Best codec for green screen in FCP or Motion

First--I tried to search for posts on this topic, but I swear I cannot figure out how to search -the discussion forums- on this site. Anyone want to tell me what I'm missing?
My main question is about codecs for keying green screen in FCP. I have always just worked with DV but it does not key very well. I am about to go into a project that involves editing 25-30 hours of studio footage down into about 5 hours of finished product, all of which is going to be shot against a green screen. We're using high-quality non-digital NTSC cameras for the shoot and encoding to hard drive, which gives us the option of using a different codec. Since we need to capture so much footage (various takes, camera angles, etc), I don't have the budget for the hard drive space required to capture it all uncompressed, but I'm looking for something better than DV.
I've seen some people are using DVCPRO 50 for green screen work, and I think I could get all the footage onto a single 1TB hard drive in that format.
Is DVCPRO 50 significantly better than DV for green screen? Is there another codec which would be better to use with FCP/Motion, but still keep my data under 10MB/sec?
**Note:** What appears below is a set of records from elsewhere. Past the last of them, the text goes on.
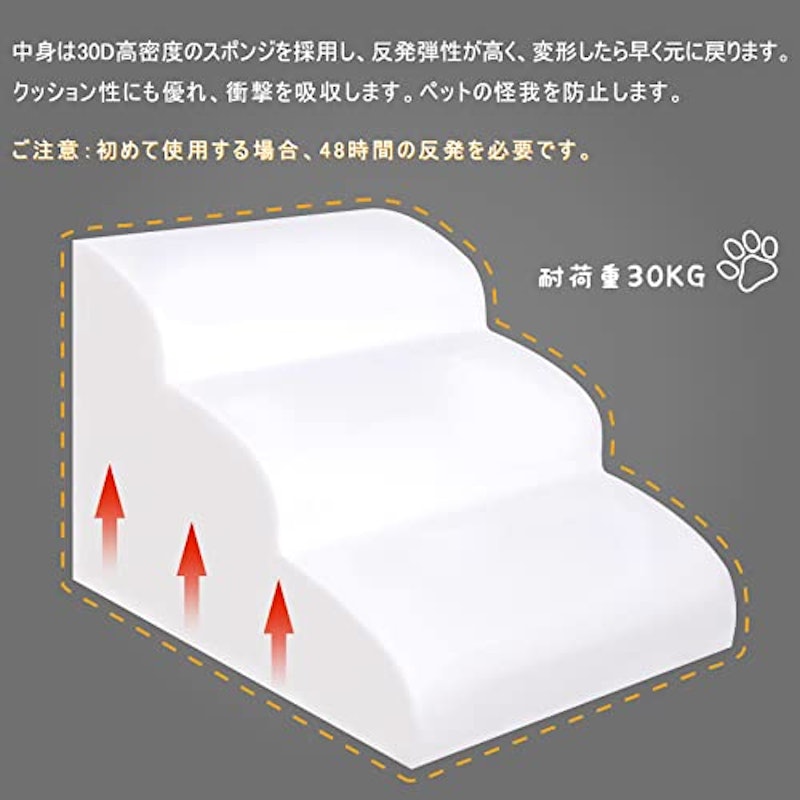 ドッグステップ 4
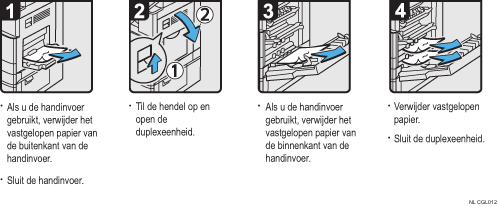 Schermafbeelding bedieningsprocedure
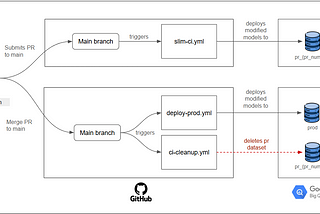 Implementing CI/CD for dbt-core with BigQuery and Github Actions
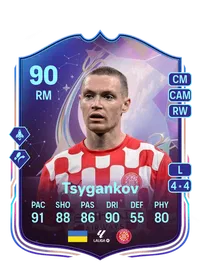 Viktor Tsygankov Fantasy FC 90 Overall Rating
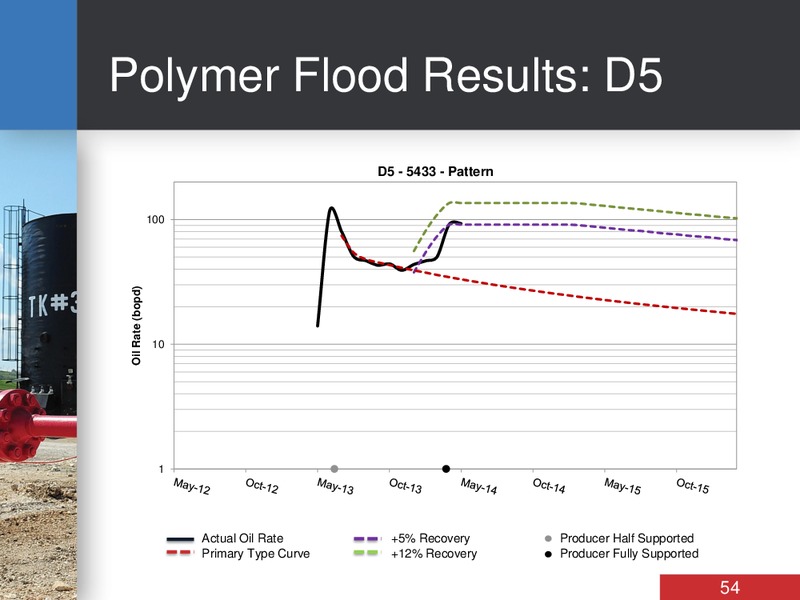 INVESTOR DAY – Bankers Petroleum Ltd. – slide 54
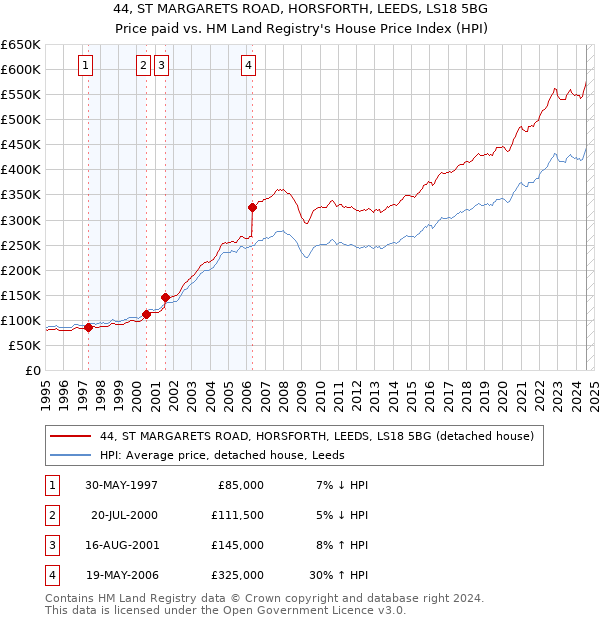 44, ST MARGARETS ROAD, HORSFORTH, LEEDS, LS18 5BG: Price paid vs HM Land Registry's House Price Index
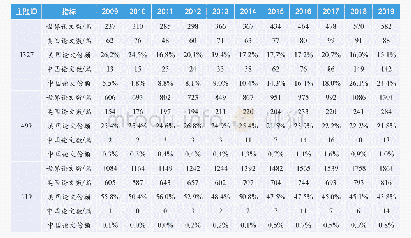 表1 1 2009-2019年中国、美国在公共管理领域研究热点的WoS论文数量与世界份额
Is the difference between 4:1:1 and 4:2:2 some part of what causes the blockiness in DV?
No...the DV compression is what causes the blockiness of DV. It is compressed 5:1, and how it is compressed is the cause of the compression. Mind you, if you shoot to DV tape, then capturing that as DVCPRO 50 will not get rid of the blockiness. that is there when you record to tape. It will convert the footage from 4:1:1 to a 4:2:2 color space for better color control when keying and color correcting. But much of the color information is already lost when you shoot to DV tape. Capturing as DV50 will certainly help, however...and be TONS better than keying as straight DV.